The second and considerably more complex idea of how capital gains is a double tax is based on the idea that corporations already pay a rate of 35% on their income so when you as the investor pay your 15% you are actually paying an additional second tax.
One of the biggest problems with this line of thinking is the fact that around 69% of corporations paid no federal income tax and according to the Wall Street Journal the average corporate tax rate is 12.1% of profits, not 35%. Obviously if the company paid no taxes then it would be difficult to claim double taxation.
Additionally this argument relies on the idea that stockholders bear 100% of the burden of this imaginary 35%. Analysis on the topic suggests this tax burden is instead shared by workers, consumers and shareholders – lowering the shareholders’ tax burden even further.
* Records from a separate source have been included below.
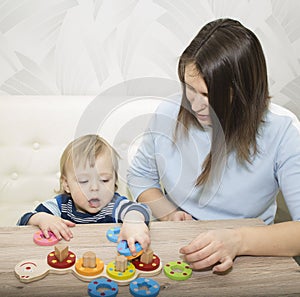 Little boy and his mom play in developing the game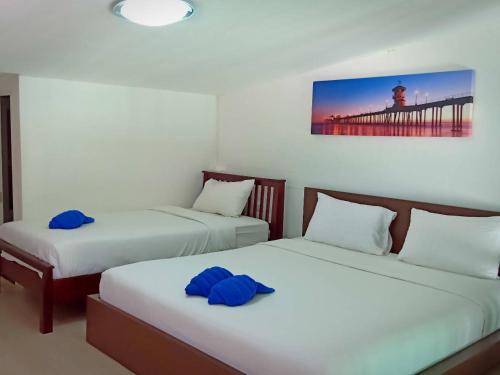 Ένα ή περισσότερα κρεβάτια σε δωμάτιο στο Blue Moon House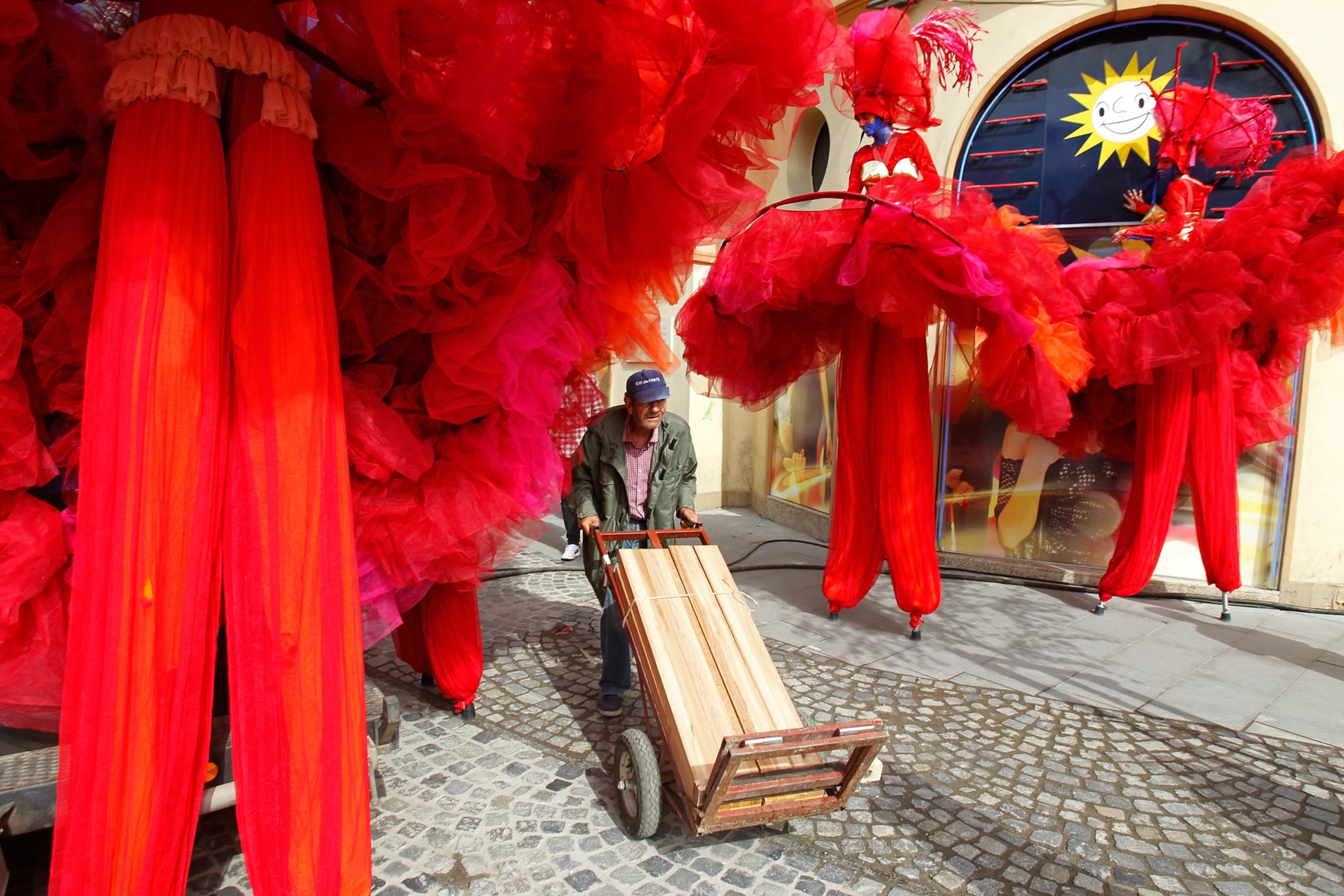a man pushing a cart through a parade in Bucharest, Romania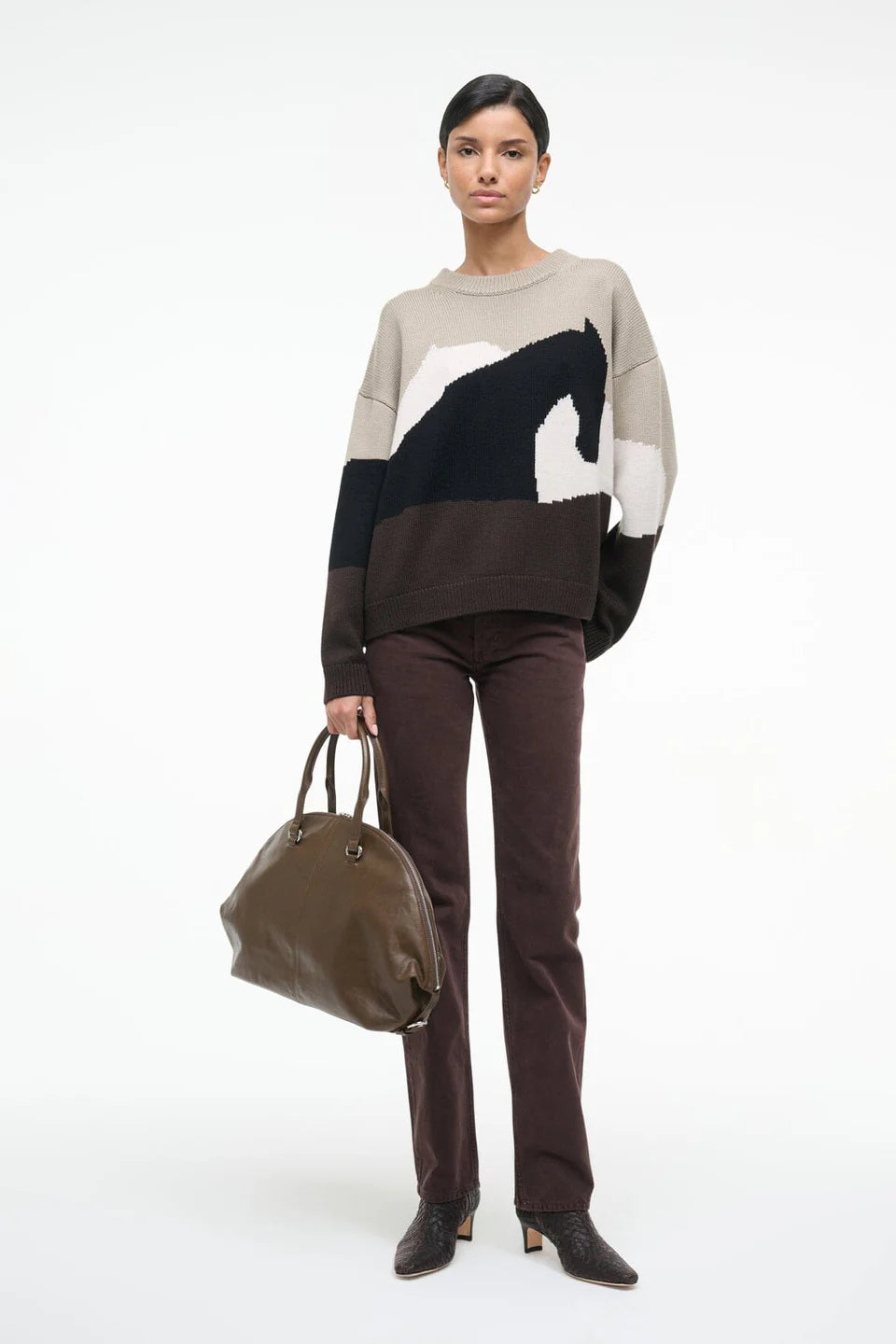 Woman wearing a color-blocked sweater and brown pants, holding a green bag on a white background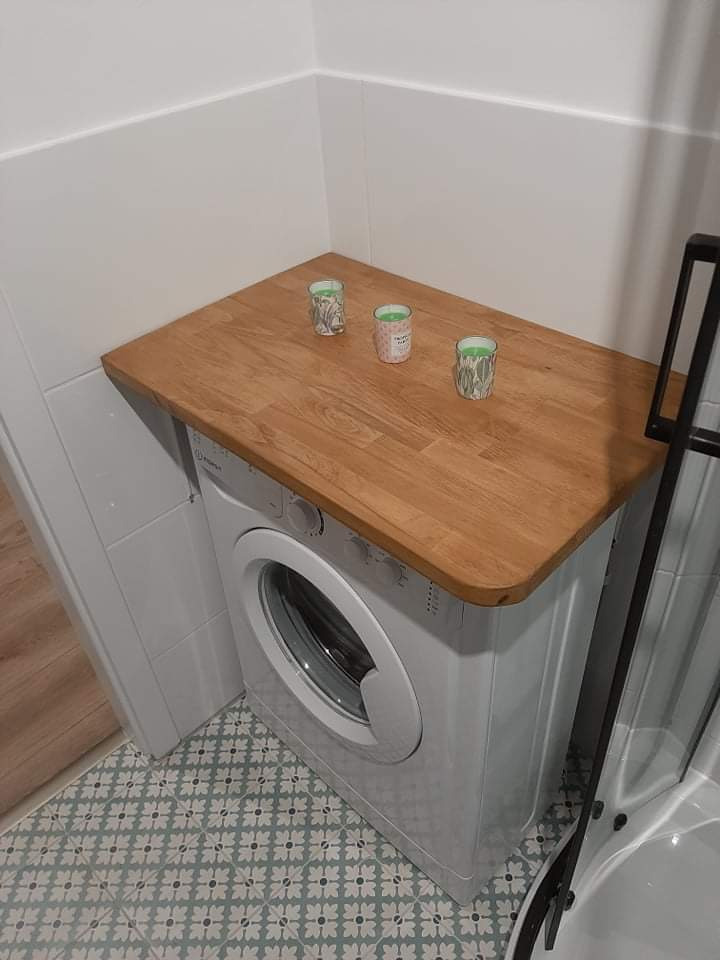 Pralka z blatem drewnianym w łazience z płytkami w stylu retro i trzema świeczkami zapachowymi na blacie.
It should be noted that capital gains is derived from many sources, and the double-tax argument cannot be applied to many of them. As an example, Mitt Romney had $13 million in carried interest, which is taxed as capital gains even though it is really just commission and has not been taxed at any other point.
The same is true of stocks. For an investor to earn money in the stock market, the companies they invest in do not have to make a profit. Stock prices often increase on the perception of future profit rather than actual profit. As I mentioned previously high frequency trading accounts for around 70% of the stock market volume and these investors manage to make small profits every minute completely unrelated to the companies’ performance over the past few minutes.
So is it possible that you as an investor are being double taxed on your investment? Yes. But even when that is the case the double taxed rate is typically lower than the rate you would pay if you had earned this money in the form of wages.
But the best proof that the capital gains tax is an advantage over other ways of earning money is the fact that the richest Americans earned 81.3% of their income from capital gains, dividends and interest while only 6.5% of their income came from salaries and wages.